Near the center of the image, dense clusters of red hotspots cover much of the rich agricultural land in Henan and Anhui Provinces, while other clusters are seen in Hubei (to the south) and Hebei (north). In many locations, especially in the central region, streams of smoke pour from these areas, and are blown northwest by strong prevailing winds. These red hotspots mark areas where the thermal sensors on the MODIS instrument have detected increased temperatures. When combined with smoke, they mark actively burning fire.

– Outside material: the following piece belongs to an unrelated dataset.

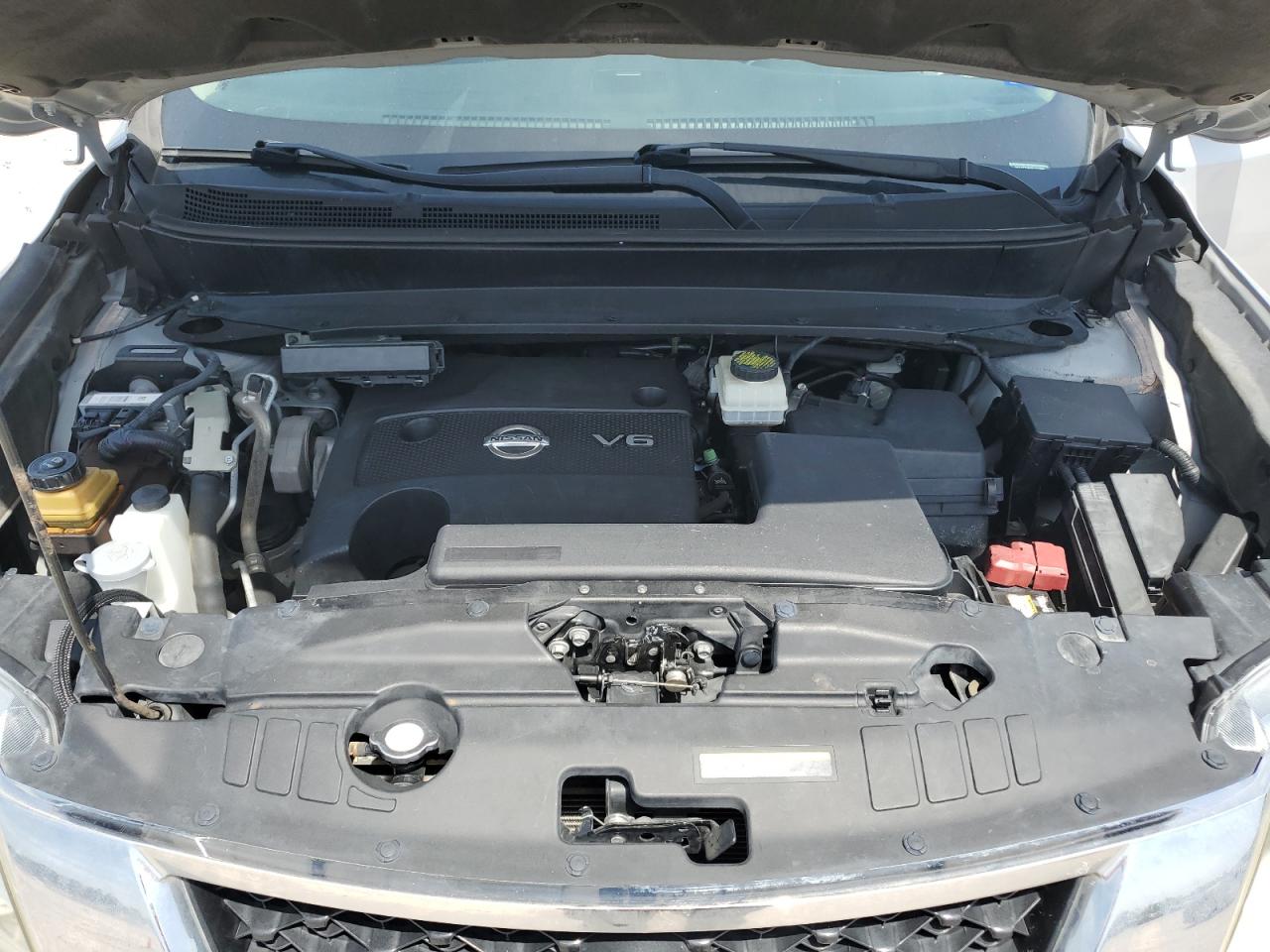 2014 Nissan Pathfinder S VIN: 5N1AR2MN5EC619898 Lot: 56954005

The thickest smoke lies between the northern and central fire clusters, and obscures the ground. The large city of Beijing, located in the north central area of the image, is entirely obscured by the smoke, haze and fog, as is the municipality of Tianjin on the coast of Bohai Sea. Where clouds cover the image, they appear bright white in contrast to the smoke. In some areas, the high white clouds cast shadows on the smoke, indicating that the shroud lies underneath cloud height.
Eastern China has struggled with poor air quality for decades. Agricultural burning, coal-fired heat for home and industry, automobiles, coal-mine fires and other pollution combine with air inversions to create severe ground-level air pollution. Under such conditions, respiratory illnesses are common, and both human and animal health is compromised.
On October 22, Asia News reported that the Ministry of Environmental Protection released air quality data for the third quarter of 2013 (July – September). Of the 10 worse cities, 7 were in the Hebei province, one in Shandong province, one in Henan province and the municipality of Tianjin. All of those areas appear shrouded with smoke and haze in this image.